À ce moment-là, la décision — bonne ou mauvaise — a été prise de sous-traiter cette initiative. Concrètement, donc, nous avons des gens du secteur privé, plus précisément Deloitte et Accenture, et la décision a été prise de stocker toute l’information dans le nuage d’Amazon, le AWS. Tout de suite en partant, nous avons donc de tout nouveaux systèmes que le gouvernement n’a jamais utilisés à une si grande échelle, et un secteur privé qui essaie aussi de s’y retrouver.
Comme ces gens sont arrivés à la table sans comprendre vraiment la frontière, il y a eu, à mon point de vue, un manquement pour favoriser notre compréhension commune. Il y a eu aussi une série de mandats à propos de ce qu’ils pensaient être la meilleure façon de régler le problème. Je crois donc que c’était la tempête parfaite qui nous a menés là où nous sommes aujourd’hui.
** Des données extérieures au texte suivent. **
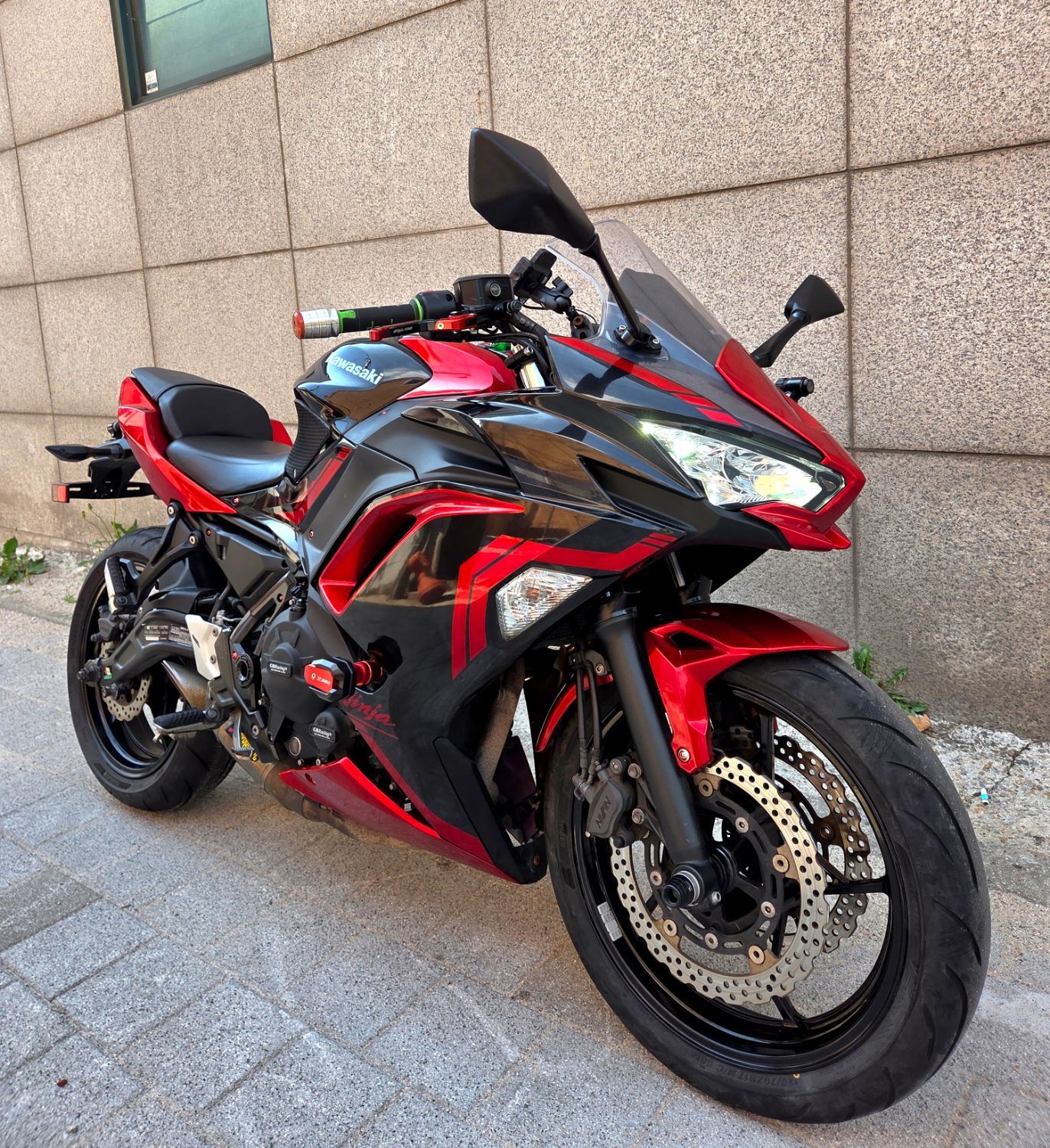 가와사키 닌자 650 main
De plus, la décision a été prise il y a cinq ans et le monde a changé depuis. À ce moment, nous étions partants pour commencer la transition vers le nuage. Toutefois, nous avons beaucoup appris au cours des trois dernières années, et nous savons maintenant que des acteurs mal intentionnés dans des États voyous ciblent ce genre d’information.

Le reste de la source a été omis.